Con esta ley, el Congreso no exorciza el pasado tanto como lo revictimiza. Ha optado por la cobardía de la amnesia sobre la valentía de la justicia. Y una vez más, ha demostrado que la política peruana no tiene ni memoria ni vergüenza. Se espera por ende que sea inaplicable, por mandato constitucional o por imperativo de las cortes internacionales a las que el Perú está adscrito.

 

[PIE DERECHO] En el Perú de hoy, el centro liberal sobrevive como una especie en peligro, atrapada entre una derecha reaccionaria y una izquierda autoritaria. La atmósfera política es tóxica, no por accidente sino debido a un gobierno terrible que ha convertido la incompetencia en un modo de gobernar y la arbitrariedad en una política de estado. Nada une tanto como el agotamiento, y es este agotamiento el que nutre, día a día, los sentimientos antisistema que recorren el país como un fantasma inquietante.

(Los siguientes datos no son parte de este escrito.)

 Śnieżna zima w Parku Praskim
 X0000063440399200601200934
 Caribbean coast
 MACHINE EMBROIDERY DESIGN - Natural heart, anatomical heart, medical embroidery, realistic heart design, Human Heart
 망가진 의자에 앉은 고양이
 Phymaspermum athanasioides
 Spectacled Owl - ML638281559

Bajo estas circunstancias, el espacio para una alternativa sensata, con visión de futuro, económicamente liberal y políticamente democrática no sólo es limitado, sino cada vez más vulnerable. Las buenas intenciones y la inteligencia son insuficientes. Se necesita un acto de valentía: la gran alianza, la firme y honesta unidad de los grupos políticos con sentido común, que saben que el Perú tiene futuro, pero que es más que los pequeños cálculos de cuotas y líderes de capillas.

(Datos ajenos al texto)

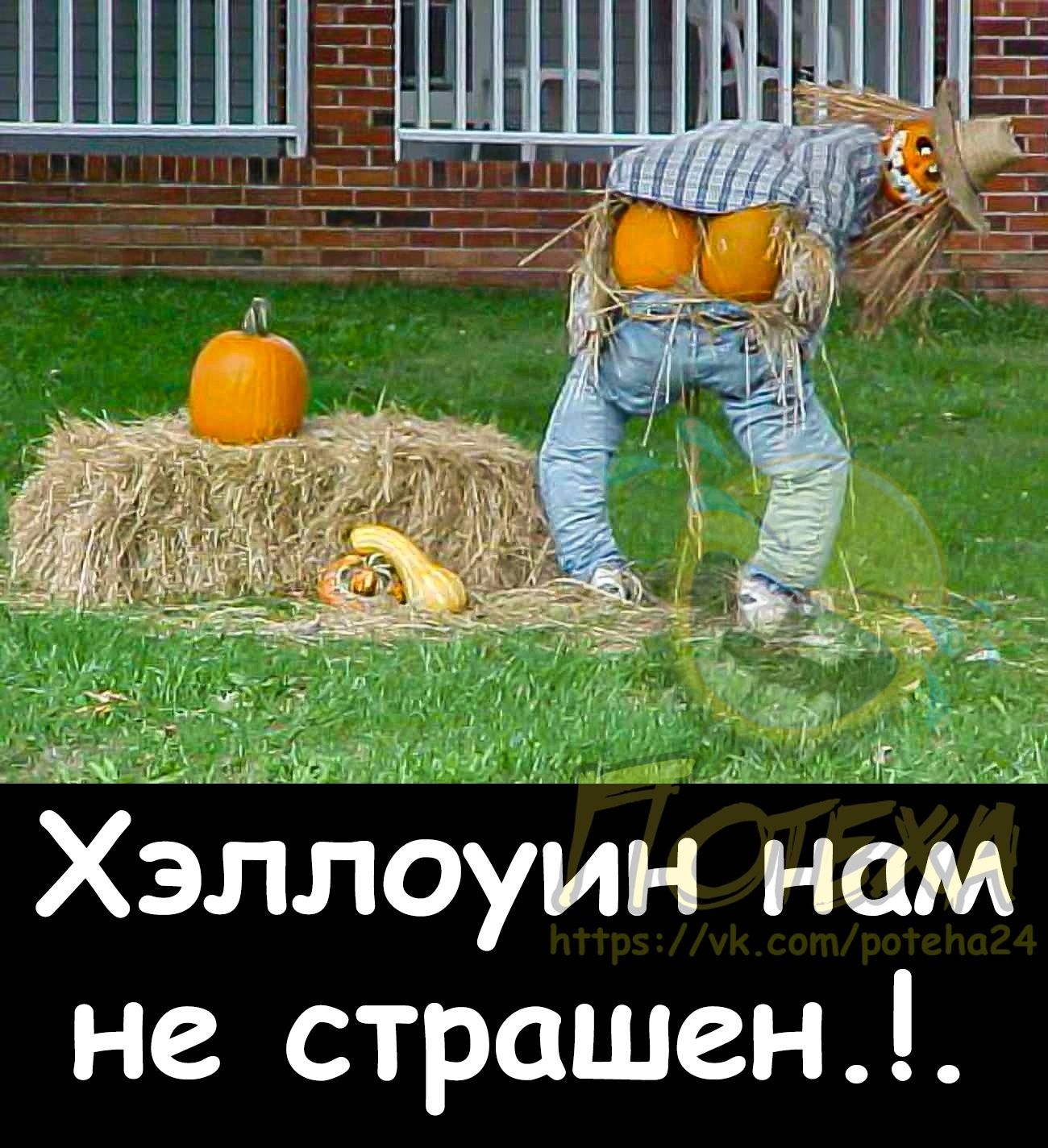 и ШЁ дн Хэллоуин нам не страшен Ц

Esta coalición necesita una línea clara, moral, política y de dirección, un candidato con autoridad y sentido de la inteligencia. No un sociópata que coseche el odio de sus conciudadanos, sino una persona creíble, no un tecnócrata sin alma o un oportunista con palabras vacías, sino alguien que encarne una visión para este país, que no inspire temor u odio, sino entusiasmo por algo, que no intente obtener votos a través de sembrar torrentes de odio, sino alguien que nos entusiasme y a quien podamos atender y distinguir. Y con ellos, un proyecto gubernamental específico, viable, audaz y moderado, un gobierno al servicio de los ciudadanos y no al revés, que fomente la inversión sin renunciar a la equidad, que proteja la democracia sin complejos ni dudas.

De lo contrario, el centro liberal será simplemente la próxima víctima de esta polarización creciente. Será desintegrado por una tormenta que, si no se dirige, arrasará no sólo los márgenes, sino toda esperanza de construir un buen país. La hora llama al coraje, no a la reflexión dubitativa. La historia no espera.